第15回コミュニティ報告ー今回のiPad

 定例の文教大学を会場としたコニュニティ、15回目が開催されました。今回も様々の業種業態の方々24名の参加をいただきました。特に、越谷の大袋中とツイッター交流をしている北海道中川郡本別町立勇足中学校の関根校長先生にも遠路ご参加いただきました。四国高知での全国校長会の帰りに立ち寄り、前半だけではありましたが、「でじたま」を堪能いただきました。ありがとうございました。
 
 さて、今回の内容は前回に引き続きiPad。皆さん関心が高く、この不思議かつ魅力的なガジェットをどう使うかを模索中といったところでしょうか。自己紹介を終えた後に、情報提供の形で、文教大学准教授の今田先生から学部生によるiPad上の動画を拡大(ピンチイン)できるアプリの使い方を紹介いただきました。動画を再生中に拡大できるテクの情報は、なかなか入手できません。こういうレアで、マニアックな情報も「でじたま」ならでは。さらに主宰から本の紹介もさせていただきました。

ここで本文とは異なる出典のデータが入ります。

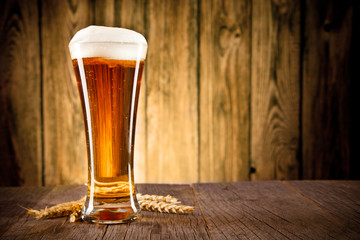 Glass of beer on wooden table
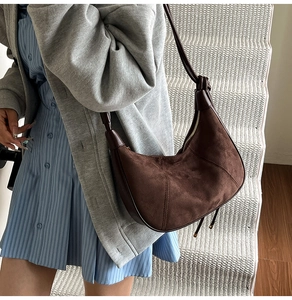 Gros plan d'un sac hobo en daim marron porté avec un manteau gris sur un escalier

 「iPadで教育が変わる」矢野耕平 著(マイコミ新書
 「頭脳の散歩 デジタル教科書はいらない」田中眞紀子外山滋比古 著(ポプラ社
 続いて、主宰Jouluriboより「iPadでできること、できないこと」をはっきり掴んで活用しようというレクチャー。iPadは写真や動画が自由に再生でき、閲覧、モニター等への再生ができると思っているとがっかりするということを知ってもらおうというコーナーでした。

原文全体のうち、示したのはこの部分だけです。